Controlled-drift apparatus for detecting energy and point of incidence of electromagnetic radiations or ionizing particles

Abstract

An apparatus for detecting energy and point of incidence of an ionizing event comprising a semiconductor layer with a first type of conductivity, in which at least one first doped region with the first type of conductivity and a corresponding plurality of second doped regions with a second type of conductivity associated to said at least one first doped region are formed on a first surface of said layer, said at least first doped region and said corresponding plurality of second doped regions defining a respective drift path for charge carriers with the first type of conductivity, and at least one third doped region with the second type of conductivity is formed on a second surface of said layer, and means for biasing said second doped regions and said third doped region which is capable of reversely biasing the junctions between the second doped regions and the semiconductor layer and between the third doped region and the semiconductor layer so as to deplete the semiconductor layer.

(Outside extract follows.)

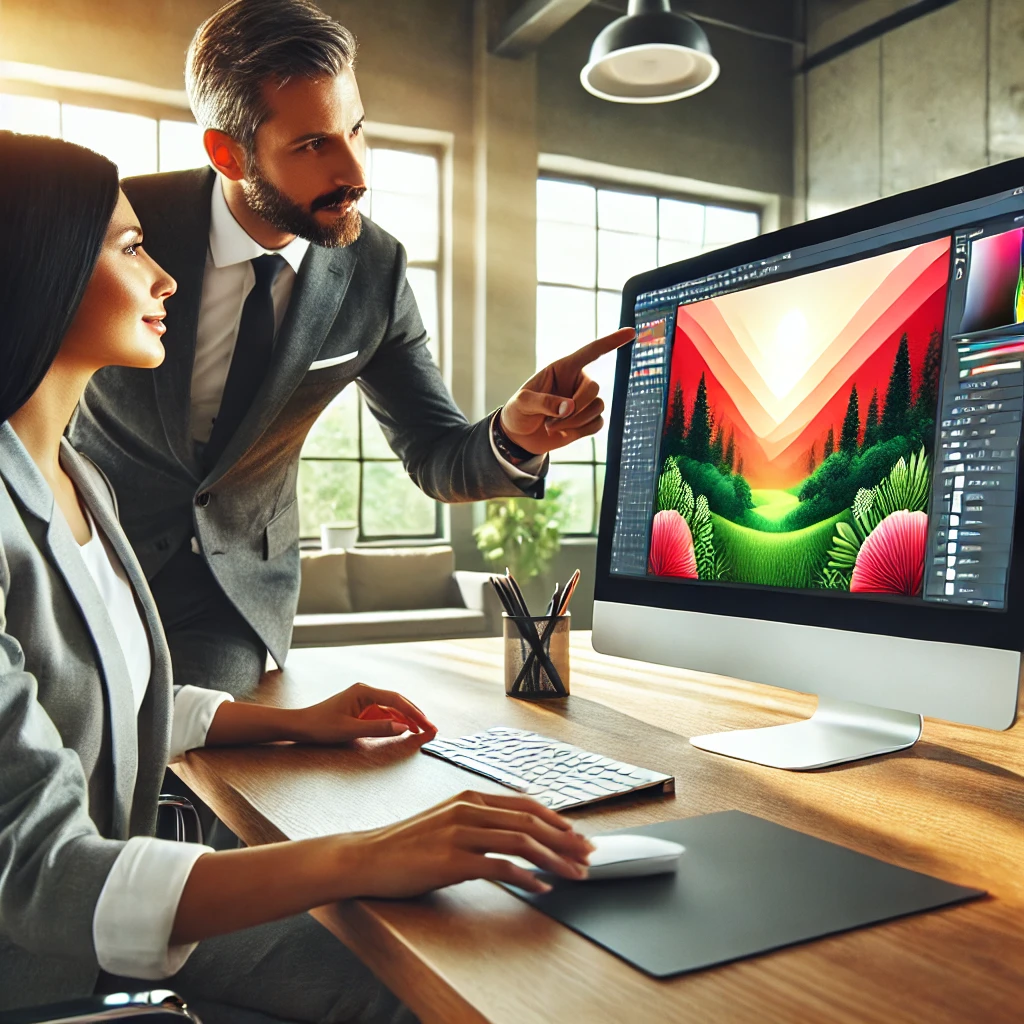 {{brizy_dc_image_alt imageSrc=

Said biasing means is capable of providing two different operating conditions of the detection apparatus, the first operating condition providing the formation of a plurality of potential energy wells for said charge carriers in the semiconductor layer at predetermined distances along said drift path from said first doped region, said wells being able to confine all of the charge carriers generated by an ionizing event essentially to the points of incidence of the ionizing event, the second operating condition providing the removal of said potential energy wells so as to cause the charge carriers to drift towards said at least one first doped region along said drift path and keeping the charge carriers confined to directions which are perpendicular to the drift path. The electric fields in the apparatus are different, although static in the two different operating conditions.